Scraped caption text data
"""
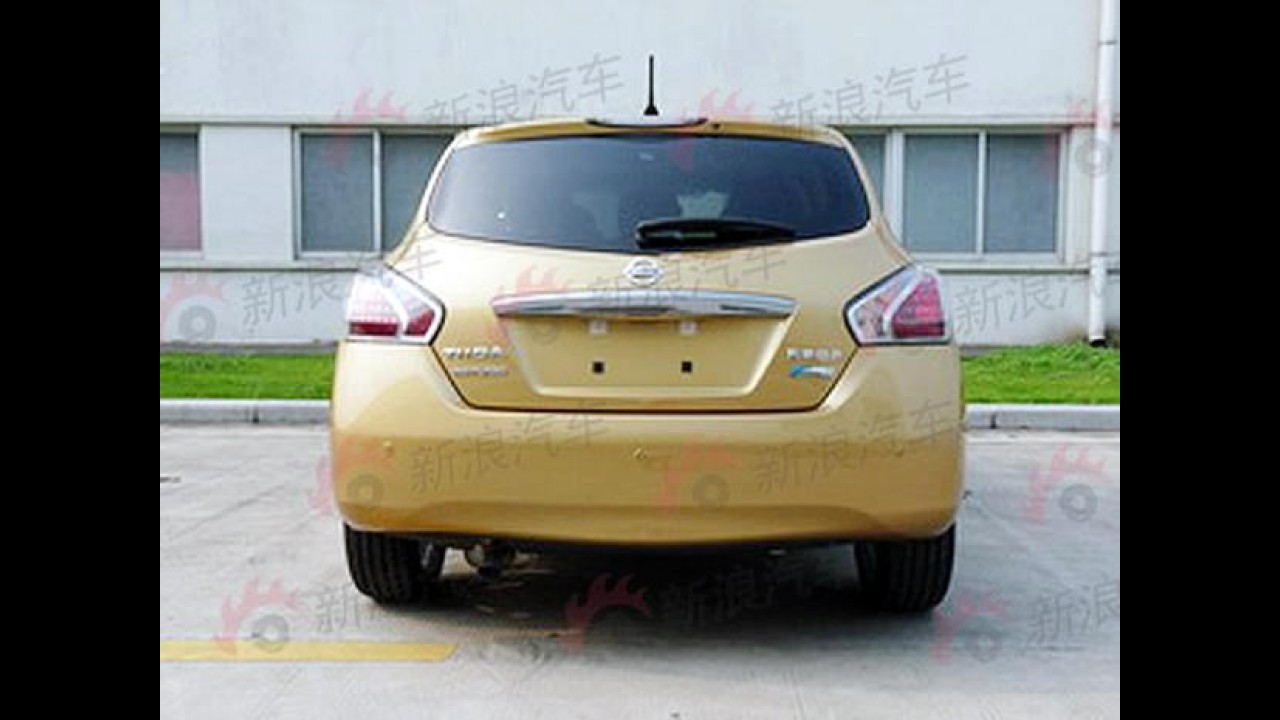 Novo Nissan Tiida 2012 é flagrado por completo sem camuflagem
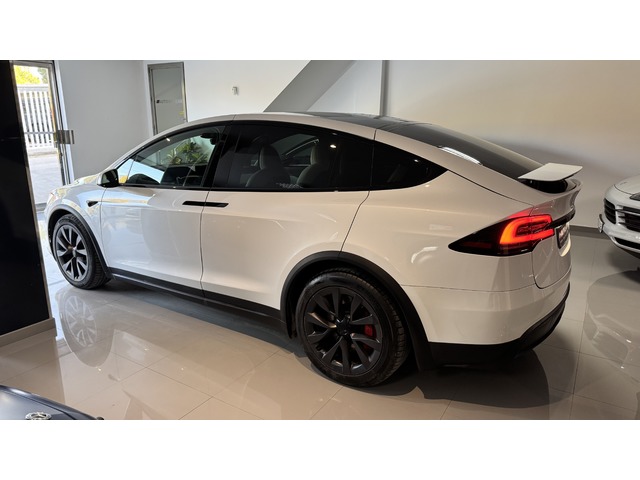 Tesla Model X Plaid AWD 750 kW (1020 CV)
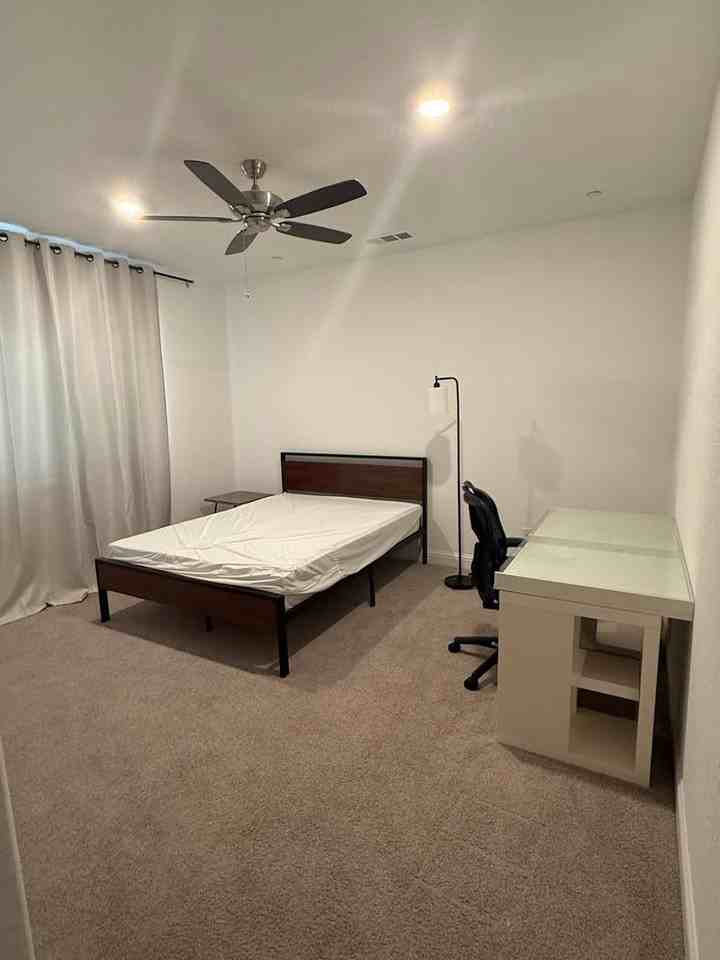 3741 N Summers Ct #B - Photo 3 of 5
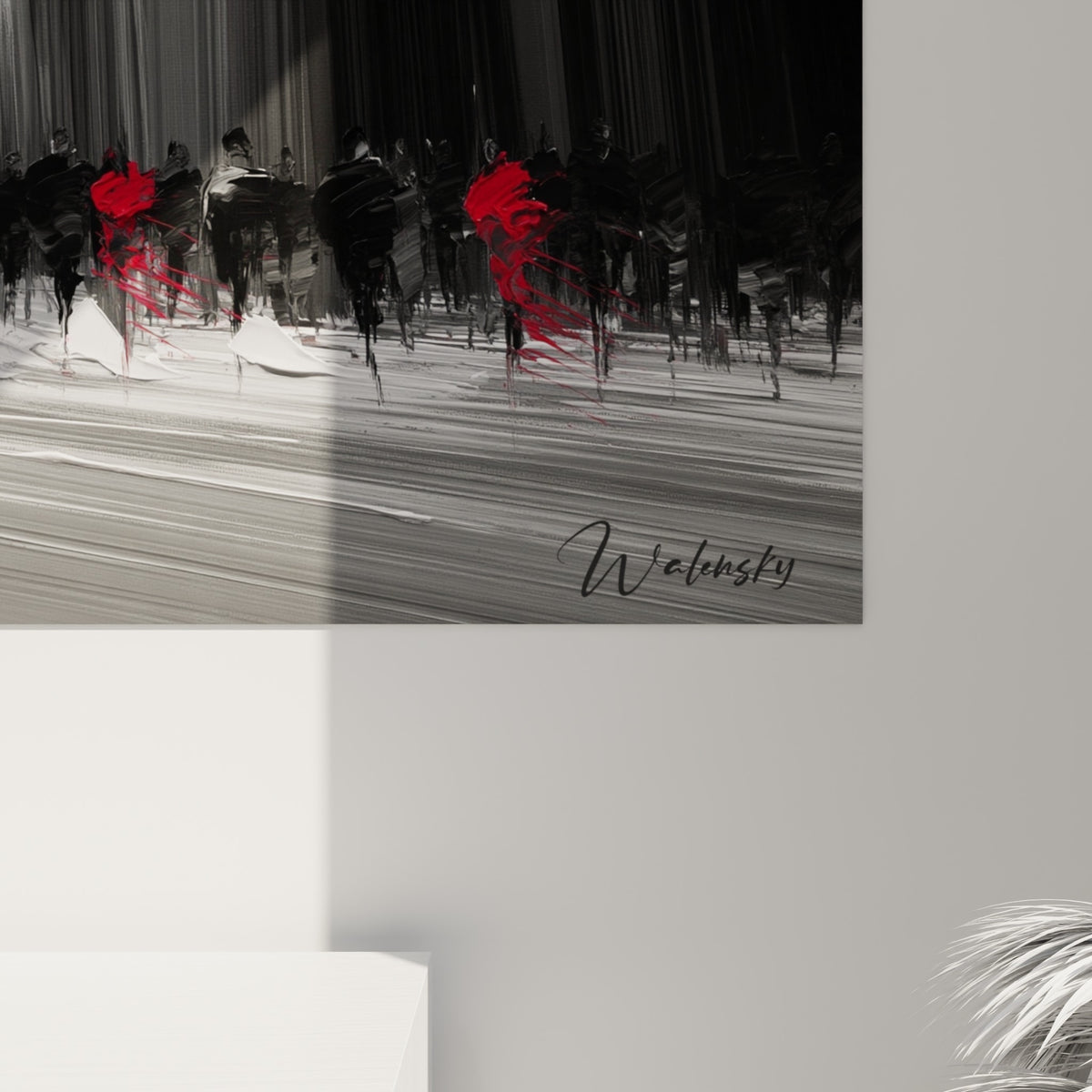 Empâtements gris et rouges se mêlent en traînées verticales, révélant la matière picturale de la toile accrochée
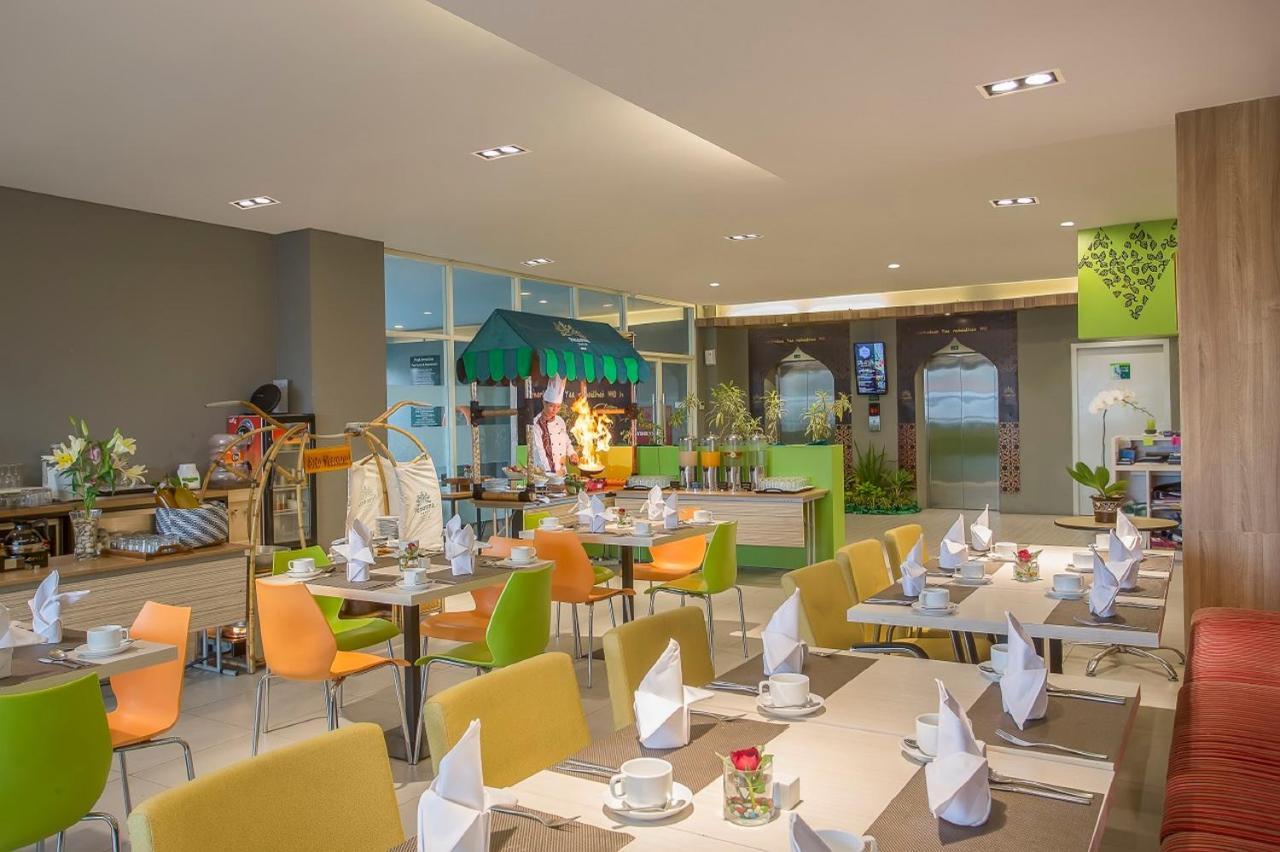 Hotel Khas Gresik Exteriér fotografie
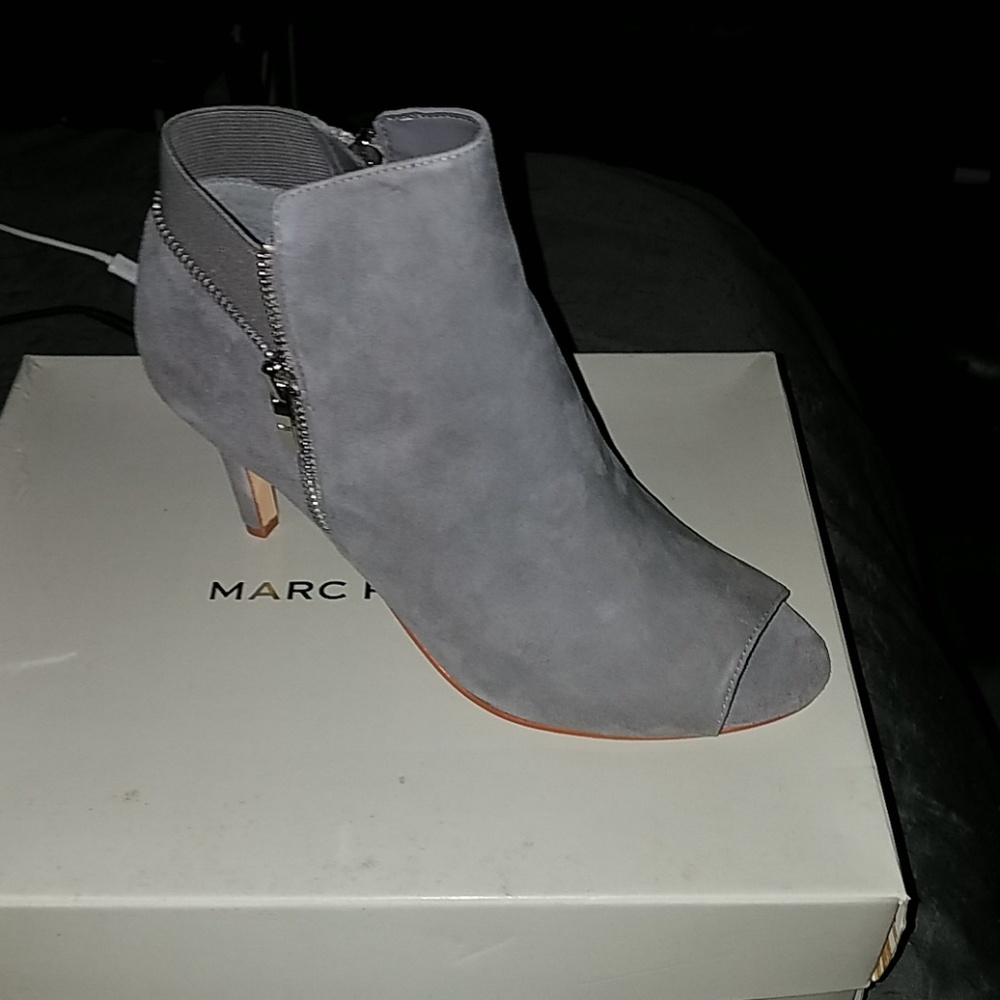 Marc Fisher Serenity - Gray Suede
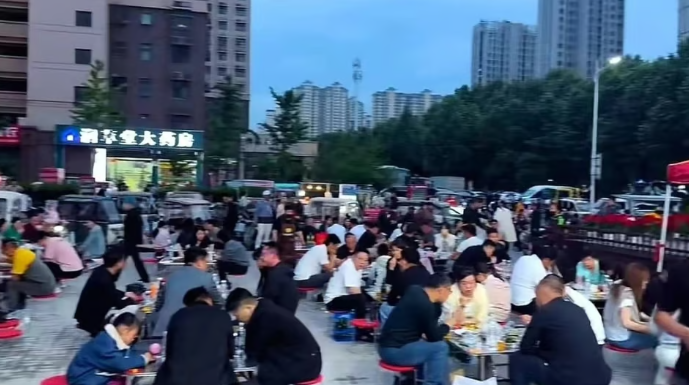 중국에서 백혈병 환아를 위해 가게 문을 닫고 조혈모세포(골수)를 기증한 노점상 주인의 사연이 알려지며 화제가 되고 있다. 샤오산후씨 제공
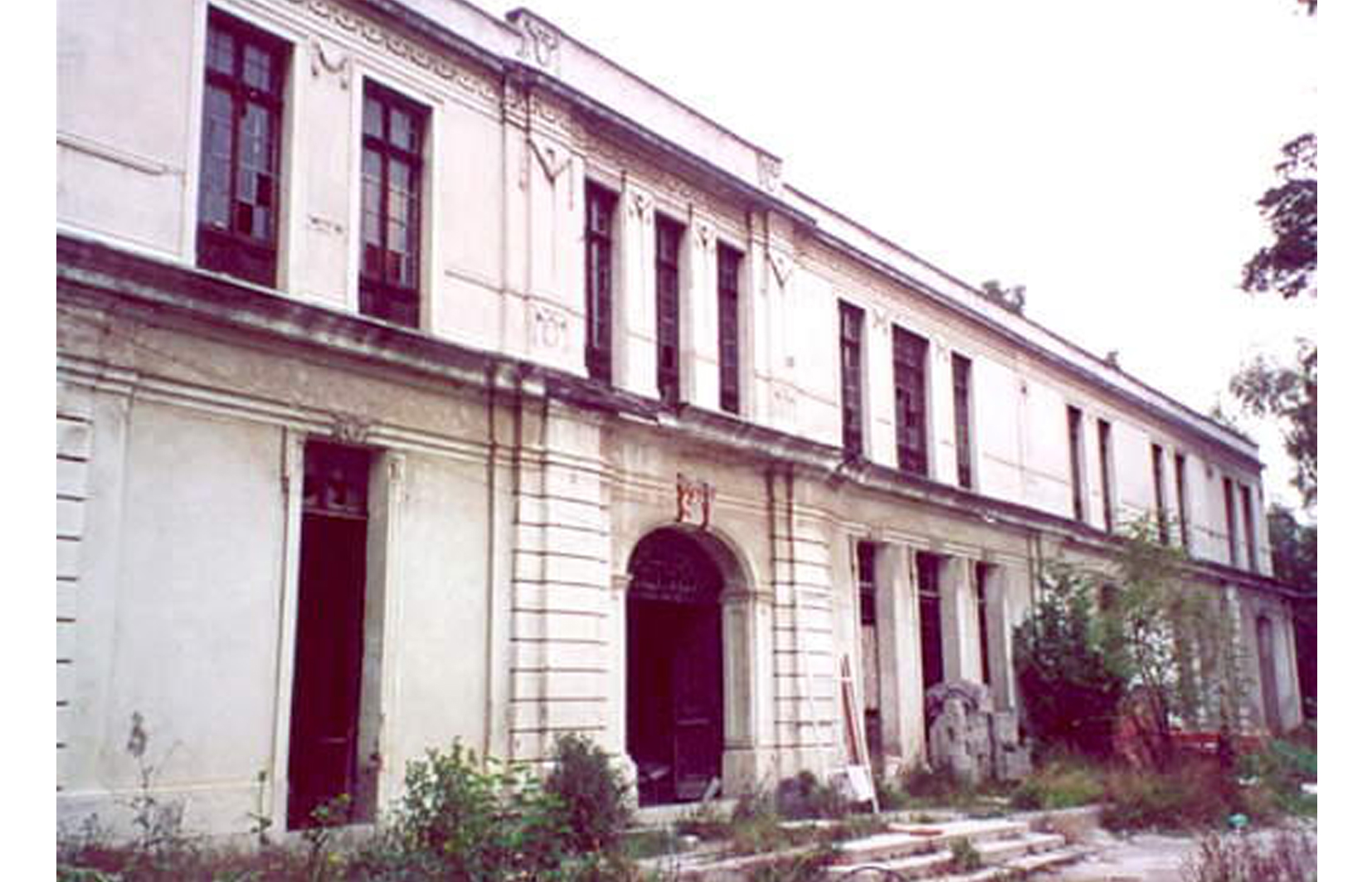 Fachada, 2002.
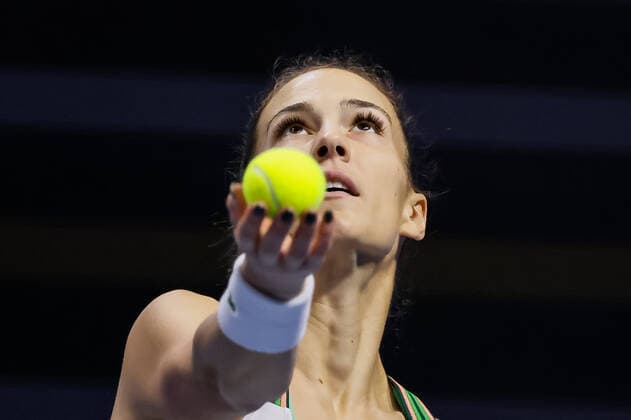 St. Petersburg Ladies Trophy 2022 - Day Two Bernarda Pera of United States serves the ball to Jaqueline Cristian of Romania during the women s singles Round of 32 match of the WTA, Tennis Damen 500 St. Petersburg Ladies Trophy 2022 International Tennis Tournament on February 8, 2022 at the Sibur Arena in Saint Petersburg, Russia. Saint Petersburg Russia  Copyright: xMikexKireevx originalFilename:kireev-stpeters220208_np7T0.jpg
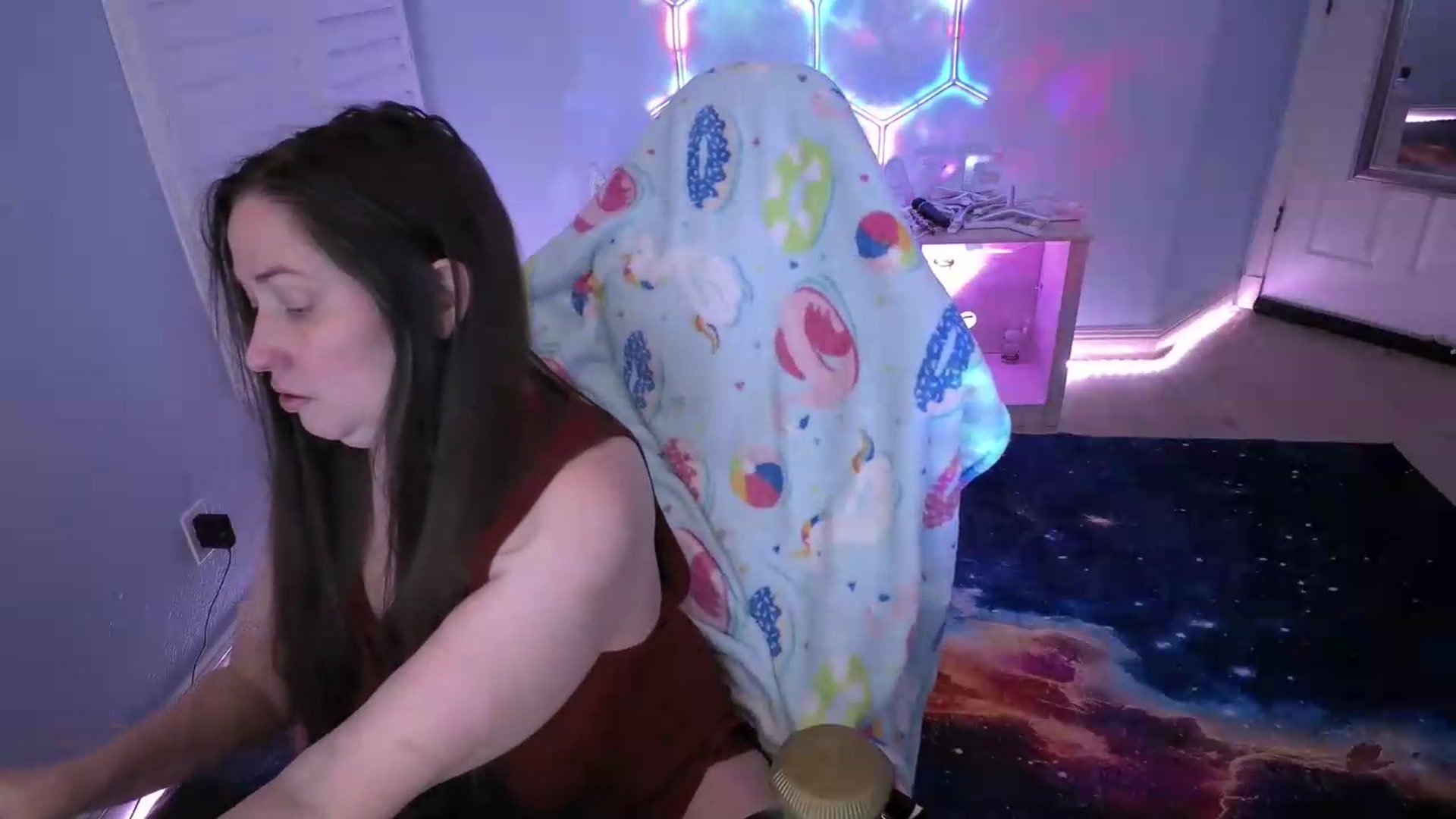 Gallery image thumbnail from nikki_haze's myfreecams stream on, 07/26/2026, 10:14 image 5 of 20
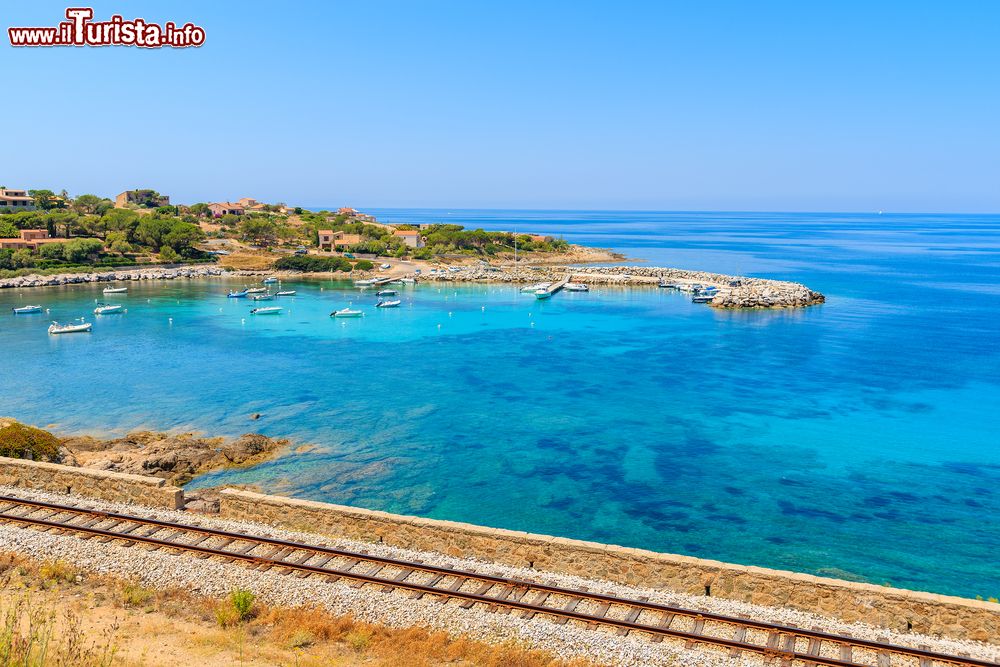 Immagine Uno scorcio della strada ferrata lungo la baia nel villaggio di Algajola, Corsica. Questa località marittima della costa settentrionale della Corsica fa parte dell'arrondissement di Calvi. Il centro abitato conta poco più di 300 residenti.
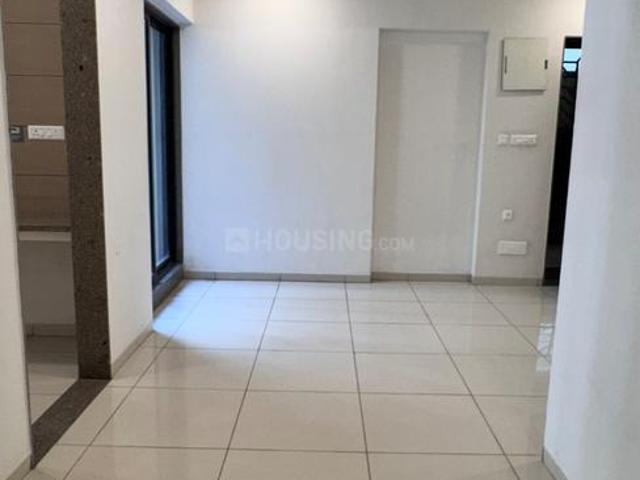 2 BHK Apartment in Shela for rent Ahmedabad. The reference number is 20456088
"""
I need the lines from the one containing "Marc Fisher Serenity - Gray Suede" through the end of the records retyped exactly, with the pictures left out.

 Marc Fisher Serenity - Gray Suede
 중국에서 백혈병 환아를 위해 가게 문을 닫고 조혈모세포(골수)를 기증한 노점상 주인의 사연이 알려지며 화제가 되고 있다. 샤오산후씨 제공
 Fachada, 2002.
 St. Petersburg Ladies Trophy 2022 - Day Two Bernarda Pera of United States serves the ball to Jaqueline Cristian of Romania during the women s singles Round of 32 match of the WTA, Tennis Damen 500 St. Petersburg Ladies Trophy 2022 International Tennis Tournament on February 8, 2022 at the Sibur Arena in Saint Petersburg, Russia. Saint Petersburg Russia  Copyright: xMikexKireevx originalFilename:kireev-stpeters220208_np7T0.jpg
 Gallery image thumbnail from nikki_haze's myfreecams stream on, 07/26/2026, 10:14 image 5 of 20
 Immagine Uno scorcio della strada ferrata lungo la baia nel villaggio di Algajola, Corsica. Questa località marittima della costa settentrionale della Corsica fa parte dell'arrondissement di Calvi. Il centro abitato conta poco più di 300 residenti.
 2 BHK Apartment in Shela for rent Ahmedabad. The reference number is 20456088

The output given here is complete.